## [EXERCISE BRIEF]
Filter the entries for lines with the word "solve".

## [ENTRIES PROVIDED]
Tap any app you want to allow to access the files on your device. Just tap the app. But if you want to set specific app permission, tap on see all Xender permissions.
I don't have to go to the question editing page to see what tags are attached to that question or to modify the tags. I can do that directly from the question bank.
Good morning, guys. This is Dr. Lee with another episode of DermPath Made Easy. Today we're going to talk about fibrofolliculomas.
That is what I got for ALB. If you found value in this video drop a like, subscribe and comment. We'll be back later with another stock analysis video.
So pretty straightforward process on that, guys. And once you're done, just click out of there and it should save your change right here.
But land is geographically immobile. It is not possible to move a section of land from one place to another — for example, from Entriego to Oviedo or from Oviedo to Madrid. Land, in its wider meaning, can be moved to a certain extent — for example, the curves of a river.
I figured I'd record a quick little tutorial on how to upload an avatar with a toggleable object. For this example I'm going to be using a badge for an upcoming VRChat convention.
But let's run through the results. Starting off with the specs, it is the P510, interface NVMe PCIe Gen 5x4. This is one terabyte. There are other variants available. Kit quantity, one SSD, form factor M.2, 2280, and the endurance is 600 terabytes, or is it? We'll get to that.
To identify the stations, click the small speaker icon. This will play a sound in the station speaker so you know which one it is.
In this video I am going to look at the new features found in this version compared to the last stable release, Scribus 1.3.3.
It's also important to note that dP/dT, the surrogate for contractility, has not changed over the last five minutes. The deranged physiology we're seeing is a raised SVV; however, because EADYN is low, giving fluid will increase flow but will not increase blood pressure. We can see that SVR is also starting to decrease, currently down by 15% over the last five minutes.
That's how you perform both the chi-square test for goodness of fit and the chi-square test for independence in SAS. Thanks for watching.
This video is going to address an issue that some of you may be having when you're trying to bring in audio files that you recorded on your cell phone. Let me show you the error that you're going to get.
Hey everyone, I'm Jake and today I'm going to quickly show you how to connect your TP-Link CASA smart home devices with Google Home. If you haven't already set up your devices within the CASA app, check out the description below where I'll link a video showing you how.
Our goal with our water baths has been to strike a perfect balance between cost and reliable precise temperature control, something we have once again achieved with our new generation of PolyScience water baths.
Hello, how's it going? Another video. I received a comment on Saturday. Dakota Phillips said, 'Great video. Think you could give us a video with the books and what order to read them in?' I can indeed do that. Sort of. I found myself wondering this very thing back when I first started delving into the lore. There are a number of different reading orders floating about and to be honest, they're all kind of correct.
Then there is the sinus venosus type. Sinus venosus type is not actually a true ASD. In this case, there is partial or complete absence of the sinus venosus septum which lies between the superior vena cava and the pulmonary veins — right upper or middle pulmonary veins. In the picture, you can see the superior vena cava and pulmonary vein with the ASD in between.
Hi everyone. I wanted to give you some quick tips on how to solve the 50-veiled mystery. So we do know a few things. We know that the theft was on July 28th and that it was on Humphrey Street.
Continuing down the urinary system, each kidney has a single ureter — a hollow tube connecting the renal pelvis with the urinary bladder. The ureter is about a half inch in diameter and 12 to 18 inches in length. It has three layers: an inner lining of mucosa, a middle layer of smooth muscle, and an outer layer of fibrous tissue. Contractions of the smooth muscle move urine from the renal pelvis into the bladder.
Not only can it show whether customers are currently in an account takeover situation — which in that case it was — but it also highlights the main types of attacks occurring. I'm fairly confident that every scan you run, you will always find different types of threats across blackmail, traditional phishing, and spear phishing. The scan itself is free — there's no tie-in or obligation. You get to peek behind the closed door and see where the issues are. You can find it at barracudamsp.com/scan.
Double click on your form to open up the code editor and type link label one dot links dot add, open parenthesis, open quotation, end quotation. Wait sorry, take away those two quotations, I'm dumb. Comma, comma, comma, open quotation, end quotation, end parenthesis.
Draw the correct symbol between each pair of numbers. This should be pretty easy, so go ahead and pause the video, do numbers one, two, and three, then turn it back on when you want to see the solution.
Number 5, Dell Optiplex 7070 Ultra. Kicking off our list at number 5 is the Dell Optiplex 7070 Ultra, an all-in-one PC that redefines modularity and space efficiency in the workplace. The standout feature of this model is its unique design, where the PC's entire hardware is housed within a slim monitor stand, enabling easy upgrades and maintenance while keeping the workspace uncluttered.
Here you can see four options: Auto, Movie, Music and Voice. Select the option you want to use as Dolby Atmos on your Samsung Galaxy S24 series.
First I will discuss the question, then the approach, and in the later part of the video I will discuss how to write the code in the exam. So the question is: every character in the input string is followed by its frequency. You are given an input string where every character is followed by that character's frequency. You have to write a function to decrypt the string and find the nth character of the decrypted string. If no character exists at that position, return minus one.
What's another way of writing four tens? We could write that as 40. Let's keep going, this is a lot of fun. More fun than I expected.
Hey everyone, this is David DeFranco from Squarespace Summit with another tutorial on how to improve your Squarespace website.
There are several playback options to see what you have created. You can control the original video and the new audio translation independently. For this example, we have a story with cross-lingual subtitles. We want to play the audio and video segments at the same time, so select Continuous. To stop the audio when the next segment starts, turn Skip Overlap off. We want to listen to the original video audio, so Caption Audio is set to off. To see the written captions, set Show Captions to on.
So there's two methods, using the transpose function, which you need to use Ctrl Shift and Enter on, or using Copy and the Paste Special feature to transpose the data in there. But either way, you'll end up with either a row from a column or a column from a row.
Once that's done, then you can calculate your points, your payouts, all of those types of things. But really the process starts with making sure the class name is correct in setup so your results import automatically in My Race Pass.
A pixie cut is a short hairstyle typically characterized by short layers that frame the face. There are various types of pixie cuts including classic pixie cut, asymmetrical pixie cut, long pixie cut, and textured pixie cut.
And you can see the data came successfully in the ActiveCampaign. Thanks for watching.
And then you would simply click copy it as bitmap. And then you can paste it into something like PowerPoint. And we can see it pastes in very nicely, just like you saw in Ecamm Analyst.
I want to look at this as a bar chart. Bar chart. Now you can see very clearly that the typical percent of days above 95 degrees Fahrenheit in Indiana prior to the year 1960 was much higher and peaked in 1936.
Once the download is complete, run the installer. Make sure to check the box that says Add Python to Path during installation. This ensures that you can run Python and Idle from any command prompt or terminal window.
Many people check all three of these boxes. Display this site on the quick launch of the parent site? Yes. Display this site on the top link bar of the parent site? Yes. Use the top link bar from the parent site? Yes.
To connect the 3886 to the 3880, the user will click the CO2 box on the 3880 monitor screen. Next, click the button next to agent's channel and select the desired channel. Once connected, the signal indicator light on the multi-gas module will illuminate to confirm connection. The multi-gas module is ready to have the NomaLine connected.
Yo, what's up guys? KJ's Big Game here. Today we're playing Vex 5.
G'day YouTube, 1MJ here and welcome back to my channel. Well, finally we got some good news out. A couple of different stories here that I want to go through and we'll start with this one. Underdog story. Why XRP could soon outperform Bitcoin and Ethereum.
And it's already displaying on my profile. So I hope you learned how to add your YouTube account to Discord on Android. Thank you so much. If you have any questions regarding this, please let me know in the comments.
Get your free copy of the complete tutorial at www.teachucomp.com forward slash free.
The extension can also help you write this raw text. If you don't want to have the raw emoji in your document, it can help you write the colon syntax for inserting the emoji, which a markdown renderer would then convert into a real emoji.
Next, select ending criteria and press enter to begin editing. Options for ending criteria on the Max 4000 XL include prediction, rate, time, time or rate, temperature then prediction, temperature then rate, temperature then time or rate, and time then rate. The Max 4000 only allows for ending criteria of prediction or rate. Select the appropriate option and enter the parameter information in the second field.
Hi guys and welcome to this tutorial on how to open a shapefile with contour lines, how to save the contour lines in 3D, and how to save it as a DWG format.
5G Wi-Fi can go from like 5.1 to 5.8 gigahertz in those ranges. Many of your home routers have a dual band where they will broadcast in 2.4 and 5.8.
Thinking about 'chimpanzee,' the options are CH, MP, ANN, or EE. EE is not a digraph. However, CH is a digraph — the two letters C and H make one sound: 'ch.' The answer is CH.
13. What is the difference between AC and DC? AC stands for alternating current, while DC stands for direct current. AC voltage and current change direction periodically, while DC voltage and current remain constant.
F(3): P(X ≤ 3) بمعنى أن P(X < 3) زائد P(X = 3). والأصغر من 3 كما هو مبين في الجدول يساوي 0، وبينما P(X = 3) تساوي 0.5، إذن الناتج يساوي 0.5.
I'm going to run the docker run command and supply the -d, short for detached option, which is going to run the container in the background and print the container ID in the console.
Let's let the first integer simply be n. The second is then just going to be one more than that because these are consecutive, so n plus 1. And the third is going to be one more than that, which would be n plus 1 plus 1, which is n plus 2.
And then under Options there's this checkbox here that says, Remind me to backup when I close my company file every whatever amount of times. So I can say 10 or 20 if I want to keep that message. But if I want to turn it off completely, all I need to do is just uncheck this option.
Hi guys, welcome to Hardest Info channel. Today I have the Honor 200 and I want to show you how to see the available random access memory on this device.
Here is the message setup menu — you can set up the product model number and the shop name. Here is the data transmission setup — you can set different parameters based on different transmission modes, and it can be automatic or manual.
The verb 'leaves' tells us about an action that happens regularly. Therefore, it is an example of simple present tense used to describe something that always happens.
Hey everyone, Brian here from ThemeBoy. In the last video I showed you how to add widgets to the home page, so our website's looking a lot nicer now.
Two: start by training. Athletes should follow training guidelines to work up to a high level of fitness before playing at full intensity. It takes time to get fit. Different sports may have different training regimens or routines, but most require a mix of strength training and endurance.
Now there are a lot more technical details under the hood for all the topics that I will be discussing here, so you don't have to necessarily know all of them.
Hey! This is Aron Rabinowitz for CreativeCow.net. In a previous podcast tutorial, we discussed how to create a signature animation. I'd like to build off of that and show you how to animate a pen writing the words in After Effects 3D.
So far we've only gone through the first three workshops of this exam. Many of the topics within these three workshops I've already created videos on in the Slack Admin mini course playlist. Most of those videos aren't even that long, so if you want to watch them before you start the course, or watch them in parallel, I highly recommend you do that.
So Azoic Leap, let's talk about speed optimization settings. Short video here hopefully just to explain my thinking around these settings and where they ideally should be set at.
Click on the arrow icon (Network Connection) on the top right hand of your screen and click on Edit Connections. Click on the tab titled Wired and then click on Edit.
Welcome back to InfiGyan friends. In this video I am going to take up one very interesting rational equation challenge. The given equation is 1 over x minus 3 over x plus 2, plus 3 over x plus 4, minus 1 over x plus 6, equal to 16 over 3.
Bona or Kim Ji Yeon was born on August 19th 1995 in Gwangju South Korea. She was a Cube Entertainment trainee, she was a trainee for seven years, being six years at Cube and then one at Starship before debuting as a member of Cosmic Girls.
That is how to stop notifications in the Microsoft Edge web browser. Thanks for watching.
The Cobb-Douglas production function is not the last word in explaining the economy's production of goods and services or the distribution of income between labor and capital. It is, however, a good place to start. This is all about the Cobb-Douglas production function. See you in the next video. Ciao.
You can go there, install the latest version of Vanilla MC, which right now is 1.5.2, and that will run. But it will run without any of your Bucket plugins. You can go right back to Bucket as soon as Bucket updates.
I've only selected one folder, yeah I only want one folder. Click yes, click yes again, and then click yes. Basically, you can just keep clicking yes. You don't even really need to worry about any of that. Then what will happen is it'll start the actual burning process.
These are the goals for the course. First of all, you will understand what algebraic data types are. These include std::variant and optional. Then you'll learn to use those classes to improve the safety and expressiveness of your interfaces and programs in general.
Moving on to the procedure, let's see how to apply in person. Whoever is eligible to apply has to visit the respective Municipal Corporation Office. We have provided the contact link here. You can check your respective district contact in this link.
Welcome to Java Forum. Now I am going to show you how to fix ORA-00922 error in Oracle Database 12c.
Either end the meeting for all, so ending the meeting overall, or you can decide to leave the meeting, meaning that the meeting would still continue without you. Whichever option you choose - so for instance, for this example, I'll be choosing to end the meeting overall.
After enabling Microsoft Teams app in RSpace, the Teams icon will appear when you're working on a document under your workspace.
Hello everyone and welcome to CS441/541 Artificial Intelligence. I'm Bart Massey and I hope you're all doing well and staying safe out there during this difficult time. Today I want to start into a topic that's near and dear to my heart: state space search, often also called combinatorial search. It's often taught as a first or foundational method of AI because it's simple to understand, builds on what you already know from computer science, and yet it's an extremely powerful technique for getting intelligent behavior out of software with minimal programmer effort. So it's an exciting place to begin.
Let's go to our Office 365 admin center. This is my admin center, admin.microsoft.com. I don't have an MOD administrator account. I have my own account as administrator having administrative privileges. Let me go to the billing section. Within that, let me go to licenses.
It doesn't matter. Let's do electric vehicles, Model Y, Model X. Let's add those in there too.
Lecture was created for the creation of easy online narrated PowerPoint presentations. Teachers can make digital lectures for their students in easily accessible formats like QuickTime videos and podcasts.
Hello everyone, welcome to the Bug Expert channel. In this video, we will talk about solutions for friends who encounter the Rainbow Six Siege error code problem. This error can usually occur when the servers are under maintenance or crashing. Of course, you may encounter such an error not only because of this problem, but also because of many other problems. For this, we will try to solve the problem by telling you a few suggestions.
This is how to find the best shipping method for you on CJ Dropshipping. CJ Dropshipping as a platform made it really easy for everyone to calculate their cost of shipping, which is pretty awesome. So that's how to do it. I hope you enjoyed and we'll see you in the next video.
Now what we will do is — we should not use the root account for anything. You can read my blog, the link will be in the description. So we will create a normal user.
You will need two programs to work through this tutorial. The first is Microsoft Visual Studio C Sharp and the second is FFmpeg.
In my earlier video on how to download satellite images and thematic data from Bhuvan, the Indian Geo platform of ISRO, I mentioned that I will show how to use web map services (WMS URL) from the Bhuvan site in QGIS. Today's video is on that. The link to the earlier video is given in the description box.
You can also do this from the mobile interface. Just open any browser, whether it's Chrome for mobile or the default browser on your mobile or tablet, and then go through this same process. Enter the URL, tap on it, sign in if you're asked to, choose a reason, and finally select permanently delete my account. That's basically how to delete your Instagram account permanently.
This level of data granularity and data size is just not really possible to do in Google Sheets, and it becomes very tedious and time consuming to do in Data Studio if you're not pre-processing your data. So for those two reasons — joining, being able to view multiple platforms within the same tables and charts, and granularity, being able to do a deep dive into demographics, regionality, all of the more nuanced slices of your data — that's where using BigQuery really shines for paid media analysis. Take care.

## [EXERCISE RESPONSE]
Hi everyone. I wanted to give you some quick tips on how to solve the 50-veiled mystery. So we do know a few things. We know that the theft was on July 28th and that it was on Humphrey Street.
Hello everyone, welcome to the Bug Expert channel. In this video, we will talk about solutions for friends who encounter the Rainbow Six Siege error code problem. This error can usually occur when the servers are under maintenance or crashing. Of course, you may encounter such an error not only because of this problem, but also because of many other problems. For this, we will try to solve the problem by telling you a few suggestions.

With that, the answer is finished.